Unfortunately, the person making the inquiry didn’t have the budget to do the project. But it got me thinking about how I would do it if I were going to do it.
Start with the Data
Just about any web application that deals with data will need to store it in some kind of database. There are plenty of options to choose from, when it comes to database software for the web. No matter which you choose, the critical thing about databases is to get their structure right. The fancy word for it in database world is “normalization,” and essentially it comes down to making sure you don’t repeat the same information in different places. Ever.

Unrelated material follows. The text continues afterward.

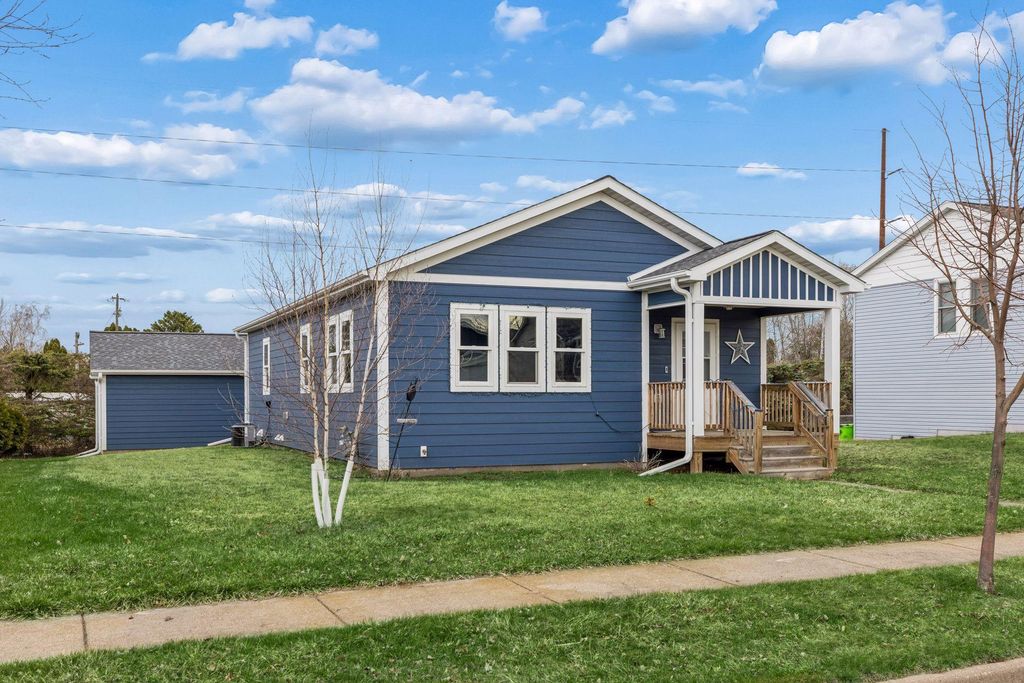 Photo of 1167 Rich River Way, New Richmond, WI 54017 (MLS # 7054400)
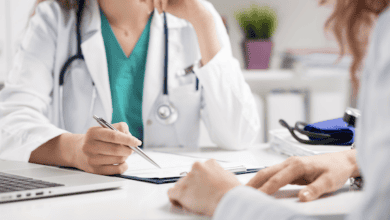 Ärztin berät Patientin bei Histaminintoleranz-Diagnose.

Take this sample spreadsheet someone brought to us (slightly altered here to shield that someone from too much embarrassment), for example:
The intention of this layout is to designate certain vendors in “Business Group A,” others in “Business Group B,” etc. Perhaps vendors in one group get certain discounts, or have access to different product lines, or have different credit ratings. Whatever.
The problem, though, is in the repetition of columns with the same kind of vendor information: Business Name, Business Website. This leads to all kinds of trouble. For starters, to find any given business, you have to know ahead of time which group it’s in, to find which set of columns to look in. If you don’t know which group to look in, you need to cycle through the column sets for each group. All this makes designing a step-by-step way for your script to find what you’re looking for complex and error-prone.
The better solution is to recognize that, in addition to a name and website, each business also belongs to a group. Instead of having all those columns to take care of grouping, it’s much easier to have just one column: “Group” that tracks which group a business belongs to. As you can see, the resulting table is much simpler.
You can now select a business based on it’s group by simply pulling all the rows, say, where Group is B, and you immediately have all the information (name, location, and website) about every one of those businesses at your disposal.
Conclusion – DRY coding Is Essential
Getting your data structure right is the first critical step in building any web application. The cardinal rule for getting data right is to never repeat yourself.
As it turns out, “never repeat yourself” is a kind of “coder’s creed.” It applies to just about everything. It’s so important that programmers even have a name for it: DRY coding (Don’t Repeat Yourself).